We are writing a TPC kernel and the behavior likes this:
float64 t_mid
float64 far
while (t_mid < far){
//doing computation
}
clearly that the code above cannot compile successfully, but we want to find a way that can stop the while loop when all elements in the t_mid vector >= the corresponding element in the far vector.
We can’t convert a vector to a scalar. If we want to do a logic like yours, we always use predicate.

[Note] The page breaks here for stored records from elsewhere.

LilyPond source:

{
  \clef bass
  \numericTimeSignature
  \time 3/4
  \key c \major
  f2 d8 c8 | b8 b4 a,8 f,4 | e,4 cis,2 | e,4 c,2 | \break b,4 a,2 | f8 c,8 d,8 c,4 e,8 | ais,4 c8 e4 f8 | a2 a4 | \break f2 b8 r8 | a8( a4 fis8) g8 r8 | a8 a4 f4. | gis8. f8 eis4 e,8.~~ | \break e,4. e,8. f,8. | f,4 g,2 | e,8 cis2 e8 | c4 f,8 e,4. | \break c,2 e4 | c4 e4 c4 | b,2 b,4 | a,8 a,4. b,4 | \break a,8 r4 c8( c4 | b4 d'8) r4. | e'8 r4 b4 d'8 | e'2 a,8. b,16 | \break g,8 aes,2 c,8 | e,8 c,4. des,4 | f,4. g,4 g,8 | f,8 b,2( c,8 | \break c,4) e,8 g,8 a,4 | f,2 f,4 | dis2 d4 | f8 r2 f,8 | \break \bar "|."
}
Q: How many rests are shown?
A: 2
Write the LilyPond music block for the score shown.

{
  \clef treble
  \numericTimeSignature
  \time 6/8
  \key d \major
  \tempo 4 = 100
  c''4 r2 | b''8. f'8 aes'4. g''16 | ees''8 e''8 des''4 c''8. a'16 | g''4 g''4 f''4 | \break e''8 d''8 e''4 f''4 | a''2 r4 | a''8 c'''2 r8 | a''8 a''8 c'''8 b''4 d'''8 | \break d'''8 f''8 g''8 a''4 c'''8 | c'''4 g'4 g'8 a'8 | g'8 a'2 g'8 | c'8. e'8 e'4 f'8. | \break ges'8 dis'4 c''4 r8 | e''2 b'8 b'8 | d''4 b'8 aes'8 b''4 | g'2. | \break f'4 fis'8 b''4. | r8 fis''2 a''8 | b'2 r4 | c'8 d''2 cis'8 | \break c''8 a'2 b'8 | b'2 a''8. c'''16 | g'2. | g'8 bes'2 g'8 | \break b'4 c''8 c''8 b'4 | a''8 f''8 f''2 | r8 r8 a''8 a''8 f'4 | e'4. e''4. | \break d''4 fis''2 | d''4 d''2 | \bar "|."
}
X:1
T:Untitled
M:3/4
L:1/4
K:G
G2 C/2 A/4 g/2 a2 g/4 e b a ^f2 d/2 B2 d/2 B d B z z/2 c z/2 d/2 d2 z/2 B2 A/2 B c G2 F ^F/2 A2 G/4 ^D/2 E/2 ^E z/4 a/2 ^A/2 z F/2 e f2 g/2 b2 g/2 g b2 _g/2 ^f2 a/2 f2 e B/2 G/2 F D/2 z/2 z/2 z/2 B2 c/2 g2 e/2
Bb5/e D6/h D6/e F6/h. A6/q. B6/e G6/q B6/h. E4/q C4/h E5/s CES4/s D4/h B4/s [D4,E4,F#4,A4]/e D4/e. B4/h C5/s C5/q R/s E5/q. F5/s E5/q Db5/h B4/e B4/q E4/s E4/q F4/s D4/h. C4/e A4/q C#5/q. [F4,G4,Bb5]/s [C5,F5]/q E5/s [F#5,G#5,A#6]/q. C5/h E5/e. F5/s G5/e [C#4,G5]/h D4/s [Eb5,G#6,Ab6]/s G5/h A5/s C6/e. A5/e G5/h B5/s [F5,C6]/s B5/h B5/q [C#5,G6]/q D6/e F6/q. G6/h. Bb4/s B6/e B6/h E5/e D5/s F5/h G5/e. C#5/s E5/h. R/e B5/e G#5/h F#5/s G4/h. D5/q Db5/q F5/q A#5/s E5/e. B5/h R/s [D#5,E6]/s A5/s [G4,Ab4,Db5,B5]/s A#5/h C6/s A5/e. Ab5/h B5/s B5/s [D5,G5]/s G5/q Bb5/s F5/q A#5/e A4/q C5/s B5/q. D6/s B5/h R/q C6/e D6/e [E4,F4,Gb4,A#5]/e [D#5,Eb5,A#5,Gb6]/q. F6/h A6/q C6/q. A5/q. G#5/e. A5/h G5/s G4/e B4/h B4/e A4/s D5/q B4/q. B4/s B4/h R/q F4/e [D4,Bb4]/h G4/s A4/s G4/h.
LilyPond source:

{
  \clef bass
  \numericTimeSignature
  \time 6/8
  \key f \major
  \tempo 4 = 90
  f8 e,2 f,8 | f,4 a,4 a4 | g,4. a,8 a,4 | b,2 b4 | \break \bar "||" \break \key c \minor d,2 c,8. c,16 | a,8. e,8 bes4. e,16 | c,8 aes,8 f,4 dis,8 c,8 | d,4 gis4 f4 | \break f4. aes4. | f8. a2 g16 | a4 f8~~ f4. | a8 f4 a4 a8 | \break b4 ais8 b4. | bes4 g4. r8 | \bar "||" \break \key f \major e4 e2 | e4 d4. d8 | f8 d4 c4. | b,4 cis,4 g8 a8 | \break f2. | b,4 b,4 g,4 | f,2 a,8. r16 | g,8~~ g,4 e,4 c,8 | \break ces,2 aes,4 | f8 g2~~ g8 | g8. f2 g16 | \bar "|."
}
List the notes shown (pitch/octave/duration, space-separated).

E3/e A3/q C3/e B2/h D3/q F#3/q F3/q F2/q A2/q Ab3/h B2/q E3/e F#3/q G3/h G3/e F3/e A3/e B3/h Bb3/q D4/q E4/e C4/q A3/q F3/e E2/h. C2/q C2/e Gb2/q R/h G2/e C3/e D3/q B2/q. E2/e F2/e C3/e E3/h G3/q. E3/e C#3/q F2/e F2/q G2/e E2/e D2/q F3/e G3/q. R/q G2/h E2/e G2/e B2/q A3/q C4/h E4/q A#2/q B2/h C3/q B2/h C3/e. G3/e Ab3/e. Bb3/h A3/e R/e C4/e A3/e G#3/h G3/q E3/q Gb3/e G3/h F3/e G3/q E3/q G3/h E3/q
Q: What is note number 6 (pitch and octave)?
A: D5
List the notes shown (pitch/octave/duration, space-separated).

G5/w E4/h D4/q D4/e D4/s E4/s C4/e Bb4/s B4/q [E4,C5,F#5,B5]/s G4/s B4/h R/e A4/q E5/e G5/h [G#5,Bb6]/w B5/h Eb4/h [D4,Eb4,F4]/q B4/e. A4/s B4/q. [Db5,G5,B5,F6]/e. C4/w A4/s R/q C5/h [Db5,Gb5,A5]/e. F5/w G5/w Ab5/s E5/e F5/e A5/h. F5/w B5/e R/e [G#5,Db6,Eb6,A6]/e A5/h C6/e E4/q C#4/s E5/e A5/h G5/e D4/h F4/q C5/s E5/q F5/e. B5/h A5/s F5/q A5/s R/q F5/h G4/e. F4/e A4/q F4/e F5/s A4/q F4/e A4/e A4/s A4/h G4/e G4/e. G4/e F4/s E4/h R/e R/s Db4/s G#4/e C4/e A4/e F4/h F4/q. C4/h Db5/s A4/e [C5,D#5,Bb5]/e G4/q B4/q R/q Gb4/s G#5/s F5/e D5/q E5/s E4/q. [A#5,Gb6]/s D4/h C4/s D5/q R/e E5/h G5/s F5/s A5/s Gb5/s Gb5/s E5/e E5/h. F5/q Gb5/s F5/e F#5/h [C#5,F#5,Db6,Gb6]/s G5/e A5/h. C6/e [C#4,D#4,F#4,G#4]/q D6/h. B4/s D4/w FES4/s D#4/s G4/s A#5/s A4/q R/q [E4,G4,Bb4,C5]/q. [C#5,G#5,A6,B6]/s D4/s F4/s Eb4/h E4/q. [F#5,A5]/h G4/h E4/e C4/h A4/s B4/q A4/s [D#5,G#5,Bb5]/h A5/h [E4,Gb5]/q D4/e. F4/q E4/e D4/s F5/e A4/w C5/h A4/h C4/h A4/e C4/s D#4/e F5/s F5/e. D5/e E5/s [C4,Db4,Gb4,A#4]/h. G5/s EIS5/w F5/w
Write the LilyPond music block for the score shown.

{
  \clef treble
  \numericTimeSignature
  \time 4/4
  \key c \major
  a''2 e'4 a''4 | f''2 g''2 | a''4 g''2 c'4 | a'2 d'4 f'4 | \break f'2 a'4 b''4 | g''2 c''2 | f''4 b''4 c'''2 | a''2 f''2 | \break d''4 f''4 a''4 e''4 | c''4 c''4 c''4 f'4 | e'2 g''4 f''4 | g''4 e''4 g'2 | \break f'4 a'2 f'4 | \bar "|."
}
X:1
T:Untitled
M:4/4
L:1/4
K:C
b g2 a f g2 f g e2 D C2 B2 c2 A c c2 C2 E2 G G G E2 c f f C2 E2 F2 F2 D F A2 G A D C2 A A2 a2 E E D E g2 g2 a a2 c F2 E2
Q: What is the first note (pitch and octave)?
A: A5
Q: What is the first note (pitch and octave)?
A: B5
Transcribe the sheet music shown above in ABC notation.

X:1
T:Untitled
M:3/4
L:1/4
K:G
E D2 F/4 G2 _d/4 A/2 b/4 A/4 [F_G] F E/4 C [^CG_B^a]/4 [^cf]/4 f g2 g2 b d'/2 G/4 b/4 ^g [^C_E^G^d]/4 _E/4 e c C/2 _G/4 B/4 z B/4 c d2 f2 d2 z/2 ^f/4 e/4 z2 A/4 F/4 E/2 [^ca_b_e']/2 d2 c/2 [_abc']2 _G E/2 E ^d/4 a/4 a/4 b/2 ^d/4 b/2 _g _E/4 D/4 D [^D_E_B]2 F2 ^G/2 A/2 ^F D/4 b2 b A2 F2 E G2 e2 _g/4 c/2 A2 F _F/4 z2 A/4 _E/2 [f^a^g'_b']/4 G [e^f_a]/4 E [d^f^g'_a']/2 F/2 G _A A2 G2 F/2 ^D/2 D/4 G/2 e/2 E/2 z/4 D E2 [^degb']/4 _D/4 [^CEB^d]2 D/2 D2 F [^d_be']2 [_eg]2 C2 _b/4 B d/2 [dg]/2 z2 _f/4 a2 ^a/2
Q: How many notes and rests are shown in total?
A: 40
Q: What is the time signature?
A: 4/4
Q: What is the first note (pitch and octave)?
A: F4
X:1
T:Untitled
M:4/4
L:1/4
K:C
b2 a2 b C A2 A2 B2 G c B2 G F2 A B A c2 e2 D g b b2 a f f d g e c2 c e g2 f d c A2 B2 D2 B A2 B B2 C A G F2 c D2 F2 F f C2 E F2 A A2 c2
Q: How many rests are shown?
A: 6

Almost all our intrinsic have predicate, which means all the instructions can be executed or not based on predicate.
For example,
You can create a condition based on your two vectors, t_mid, far
float64 conds = v_f32_sel_less_f32_b(t_mid, far, 0, 1);// here is less (leg is less and equal
depending on the values of t_mid and far, conds will contain either 0 or 1
Then convert to bool265 condition for predicate
int64 one = 0;
bool256 pred = from_bool64(v_f32_cmp_eq_b(conds, (float64) one));
After that, you can do all the operations, like add, move, mul etc with predicate
out = v_f32_mov_vb(a, 0, out, to_bool64(pred),0); //depending on predicate, the data in out vector will be assigned to a if predicate is TRUE, keep original value if FALSE
out = v_f32_add_vb(a, b, 0, out, to_bool64(pred),0); //depending on predicate, the data in out vector will be a+b if predicate is TRUE, or keep original value if FALSE
You can check the TPC Intrinsics Guide — Gaudi Documentation for all the intrinsic.